Иконописцы были знакомы и с образованными людьми своего времени, с Епифанием Премудрым, составителем жития Сергия, с авторами «Сказания о Мамаевом побоище», как показывает вставной эпизод о встрече Дмитрия Донского в Андрониковом монастыре после победы на Куликовом поле. В этой среде появляются такие произведения, как красочное «Хождение Пимена в Царьград», написанное монахом Игнатием, повесть о Митяе – кандидате на митрополичий престол, запись о работах Феофана Гречина и пр. В этой среде при явном содействии митрополита Киприана создается обширная Троицкая летопись – общерусский летописный свод, рассказывающий об истории всей Русской земли, живописцы и писатели не замыкаются в круг только русских интересов, они живо откликаются на известия о наступлении турок на Византийскую империю и на Болгарское царство, в их среде распространяются книги, переписанные или переведенные в Константинополе, одним словом, перед нами своеобразная московская академия художеств в средние века.
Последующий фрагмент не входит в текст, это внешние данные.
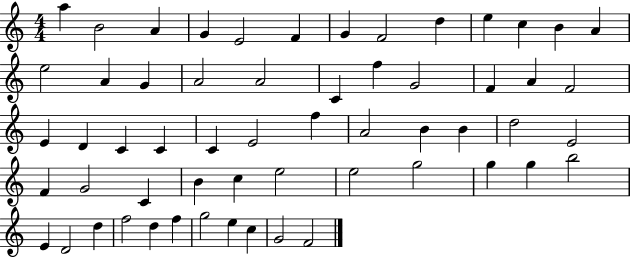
A5/q B4/h A4/q G4/q E4/h F4/q G4/q F4/h D5/q E5/q C5/q B4/q A4/q E5/h A4/q G4/q A4/h A4/h C4/q F5/q G4/h F4/q A4/q F4/h E4/q D4/q C4/q C4/q C4/q E4/h F5/q A4/h B4/q B4/q D5/h E4/h F4/q G4/h C4/q B4/q C5/q E5/h E5/h G5/h G5/q G5/q B5/h E4/q D4/h D5/q F5/h D5/q F5/q G5/h E5/q C5/q G4/h F4/h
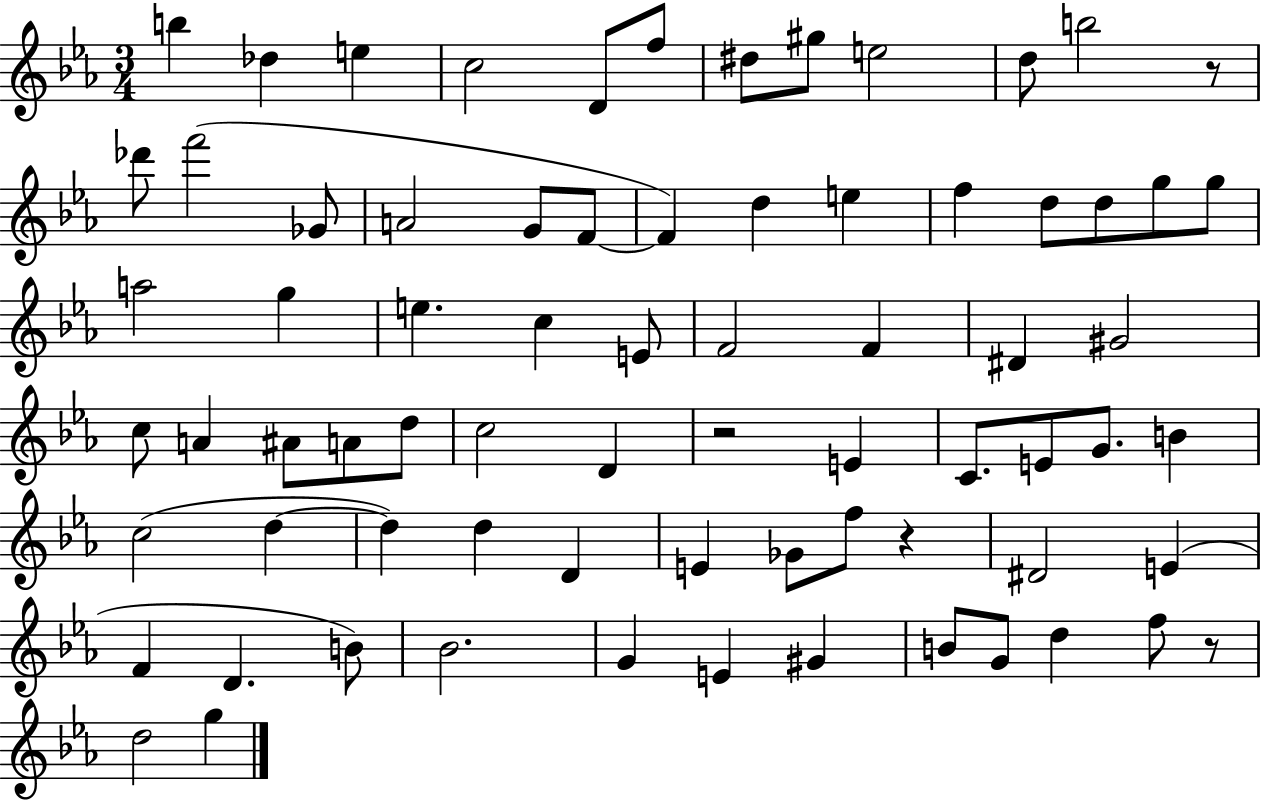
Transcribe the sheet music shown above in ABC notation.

X:1
T:Untitled
M:3/4
L:1/4
K:Eb
b _d e c2 D/2 f/2 ^d/2 ^g/2 e2 d/2 b2 z/2 _d'/2 f'2 _G/2 A2 G/2 F/2 F d e f d/2 d/2 g/2 g/2 a2 g e c E/2 F2 F ^D ^G2 c/2 A ^A/2 A/2 d/2 c2 D z2 E C/2 E/2 G/2 B c2 d d d D E _G/2 f/2 z ^D2 E F D B/2 _B2 G E ^G B/2 G/2 d f/2 z/2 d2 g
Усиленная строительная деятельность в Москве выделяет конец XIV – начало XV века как время больших художественных работ. Это время связано с деятельностью великого князя Василия Дмитриевича и двух митрополитов – Киприана и Фотия. Историки искусства обычно выделяют наиболее яркие фигуры, приписывая им или их «школам» создание почти всех сохранившихся до нашего времени выдающихся икон и фресок. Между тем и летописи, и сказания говорят не только о прославленных живописцах, но и об их учениках «прочих», иногда с прибавлением «многие прочие», которые не так прославились, как знаменитости, но в сущности и создали эпоху Рублева и Феофана Гречина. Без этих неизвестных «прочих» гениальные творения Андрея Рублева и Феофана Гречина остались бы только уникумами, а не создали бы стиль.

Распространение икон школы Рублева имеет и свои географические очертания: это Москва и окружающие ее удельные города: Звенигород, Дмитров, Серпухов и др. Центром же была Москва с великокняжескими и митрополичьими «писцами», хотя это и не значит, что не существовало местных школ иконописцев.
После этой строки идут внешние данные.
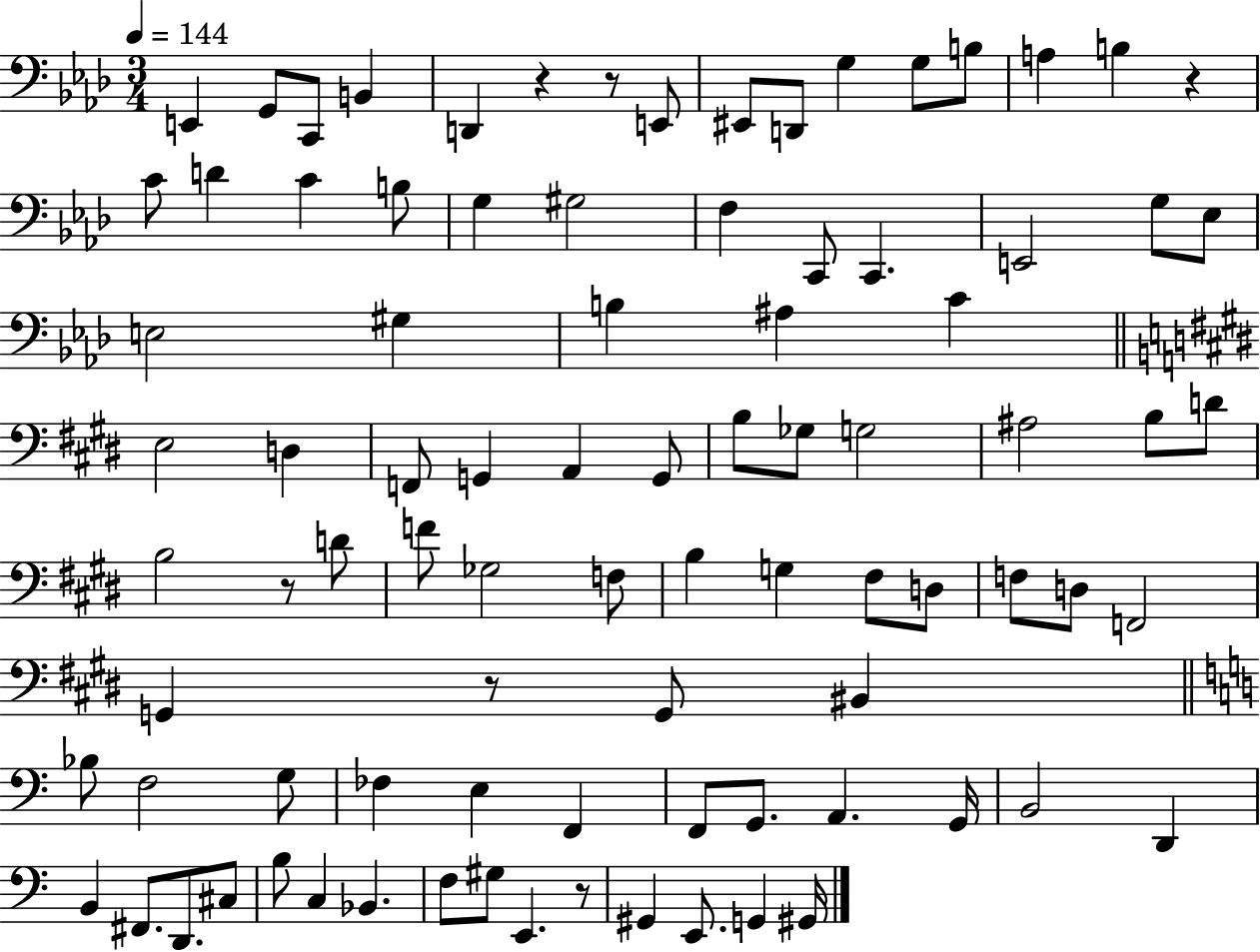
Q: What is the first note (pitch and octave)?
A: E2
Позднейшие переделки и дополнения многое исказили в истории русской культуры того времени. Так, Епифаний Премудрый вывел на первый план Сергия Радонежского и созданный им Троицкий монастырь. Но исследователи не обратили внимания на то, что Епифаний в своем рассказе подражал митрополиту Киприану, который таким же образом приписывает митрополиту Алексию создание монастырей: Чудова и Андроникова в Москве, Благовещенского в Нижнем Новгороде, Царево—Константиновского во Владимирской земле. Киприан подчеркивает, что Алексий всюду устраивал в монастырях общежительное житие монахов, введение которого Епифаний приписывает Сергию. Поэтому, говоря о культурном влиянии Троицкого монастыря на другие монастыри, нельзя забывать, что это влияние распространилось значительно позже, чем это изображено в житиях Сергия.

Нельзя не отметить и другой особенности в истории Троицкого монастыря, имеющей прямое отношение к нашей теме. Троицкий монастырь уже в начальный свой период оказывается связанным не только с великокняжеским двором, но и с удельными князьями: Владимиром Андреевичем, позже – с Юр ием Дмитриевичем. В их уделах строятся новые монастыри при непосредственном участии самого Сергия: Высоцкий монастырь в Серпухове, столице Владимира Андреевича, Саввино—Сторожевский монастырь в Звенигороде, стольном городе Юрия Дмитриевича, и пр.

В Звенигороде и оказались монументальные произведения, связанные со школой Рублева, что и заставляет нас на них остановиться.

Юрий Дмитриевич, брат великого князя, воздвиг в Звенигороде два каменных собора: на Городке, где находилось его местопребывание, и в Саввино—Сторожевском монастыре. Собор в Саввино—Сторожевском монастыре, по общему мнению, был сооружен до 1406 года. Это как будто вытекает из показания «Жития Саввы Сторожевского», по которому князь Юрий «повеле воздвигнути церковь каменну и добротами украсити ю» еще при жизни основателя монастыря, умершего 3 декабря 1406 года.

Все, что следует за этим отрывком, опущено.